Here they are in no particular order:
1. Events are immutable
By definition events represent facts that have already happened. That is why they should be named as past simple verbs.
2. Communicate events asynchronously
Use some messaging infrastructure/fabric. A message broker with pub/sub capabilities is required, whether on-prem or managed in the cloud.
3. Producers must guarantee “at least once” delivery
Event producers and message brokers must work together to make sure that no message is accidentally lost.
4. Consumers must guarantee “at most once” delivery
Make sure your message broker will be able to filter out duplicated messages for your particular use case (e.g. a potentially long time window) before blindly counting on it. Otherwise event consumers either must be able to identify and discard retransmitted events (deduplication) or process events in an idempotent fashion.
5. Consumers must be able to handle out-of-order messages
Depending on your use case, ordered message delivery might be required. Message brokers offer the ability to ensure that messages are delivered in the order they are received. However, this can be expensive to support and, in fact, at times gives a false sense of security. In the end non-deterministic inputs will lead to nondeterministic outputs.

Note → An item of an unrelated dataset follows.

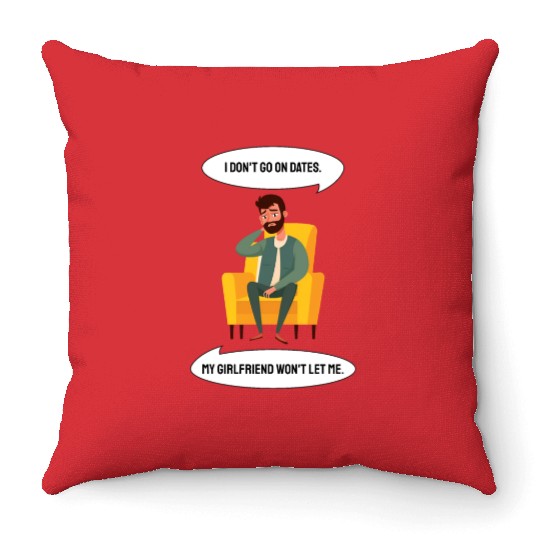 Sad man sitting in an armchair Throw Pillows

Event consumers must be designed so that message ordering can be relaxed and they still can eventually achieve a consistent view of the world. The overhead required to relax the ordering is nominal and in most cases is significantly less than enforcing ordering in the message broker.

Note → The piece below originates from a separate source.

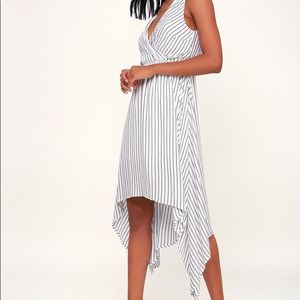 Lulus Madelyn White Striped High-Low Wrap Dress - Medium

6. Commands are different from events
Commands are messages that express intent (usually modelled as verbs). They can be transmitted asynchronously (fire and forget) but also synchronously (request-response). This is particularly important when a response is immediately required, e.g. the command might be rejected.
7. Define schemas for all events
In other words, adopt a contract-first approach. Be mindful when designing your events, they are as important as all other data stored on databases. For example, event granularity might affect the architecture’s overall performance.

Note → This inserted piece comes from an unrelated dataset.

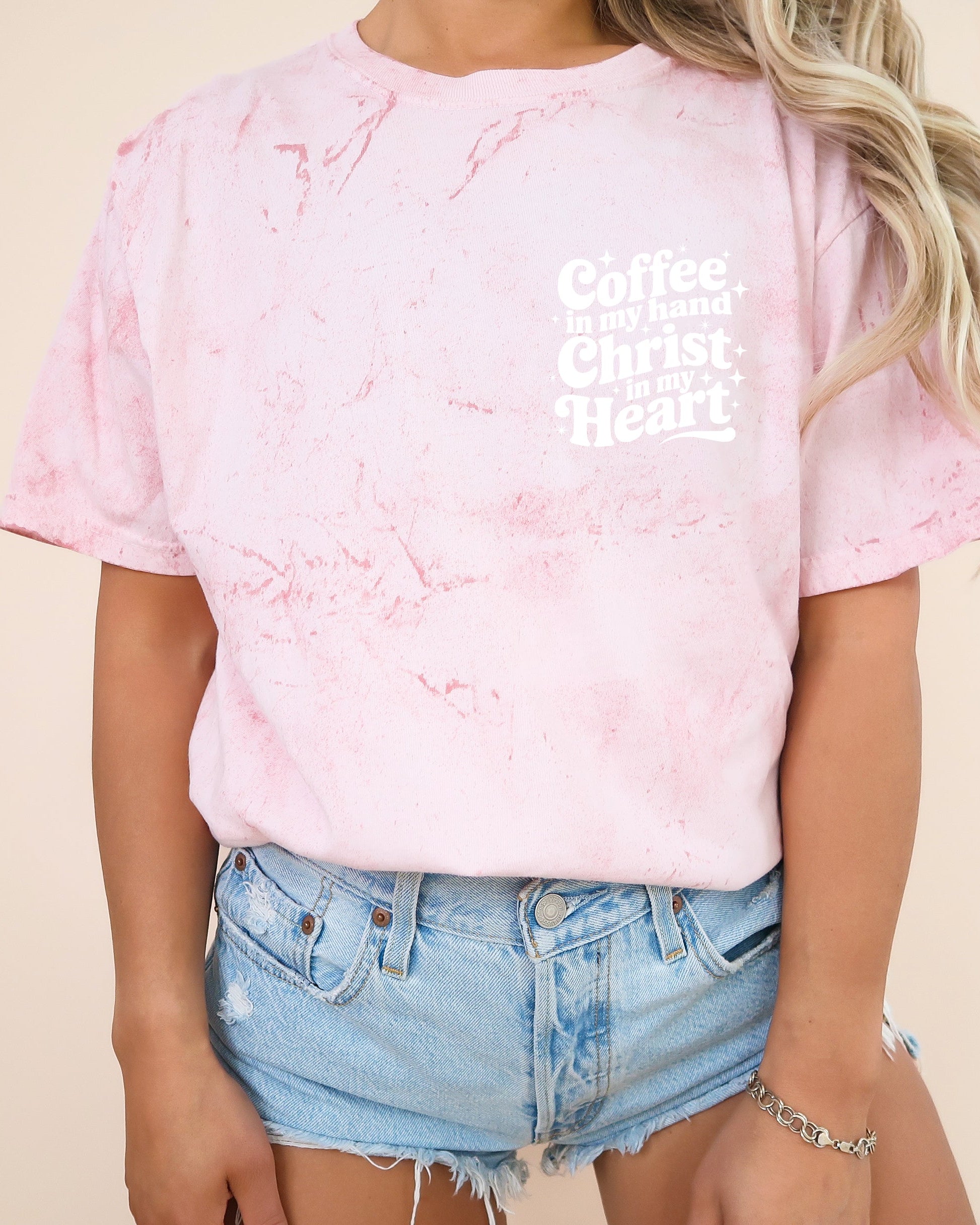 Coffee in my hand Christ in my heart Fall Thanksgiving day Christmas Autumn Comfort Colors Garment Dyed T Shirt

8. Define a versioning policy from day 1.
Your business requirements will inevitably change and so the events exchanged across the architecture. Some useful tips are:
- Do not remove fields, deprecate them
- Provide default value when introducing a new field
- Introduce a new event should a breaking change be needed
9. Avoid Upcasting at all costs
Event upcasting means to transform it from its original structure to its new structure. Upcasters add technical debt IMHO. Some cons:
- The in-memory view of the event stream does not match the persisted state
- More moving parts, serialization can be broken
- They need to be maintained indefinitely and the number of upcasters does not decrease in general
- Performance considerations (depending on the complexity of the upcasting)
- Increased testing complexity (there are multiple combinations)
- Increased system complexity (merging or splitting events, augmentation with data from other sources, etc.)
10. Segregate event streams
Each service/aggregate owns its event stream.
11. Event Sourcing is not an architectural pattern, Event-Driven is
Event Sourcing is not even mandatory. If adopted, use it wisely as design pattern where it makes sense rather than everywhere.
12. Event Sourcing does not replace auditing, if it is required
Audit trails should include activities generated by users, by applications, and by the runtime environment itself. Auditing is supposed to allow administrators to answer the following questions:
- what happened?
- when did it happen?
- who initiated it?
- on what did it happen?
- where was it observed?
- from where was it initiated?
- to where was it going?
13. Use a proper event store if implementing Event Sourcing
Event stores are not just message brokers. In particular Kafka is not an event store as it does not support:
- loading events for a specific entity
- optimistic concurrency control which avoids data races due to concurrent requests against the same entity
14. Use DDD Aggregates
Consider your domain aggregates when modelling your architectural components/services. They cluster entities and value objects and define boundaries that govern transactions and distribution. An aggregate must not outgrow its service.
15. There must not be transactions that span events.
Events signal state transitions in a distributed system. That means events must leave a service/aggregate in a consistent state after being applied.
16. Embrace eventual consistency
Data integrity and consistency exist only within aggregates. Across boundaries, handle updates asynchronously.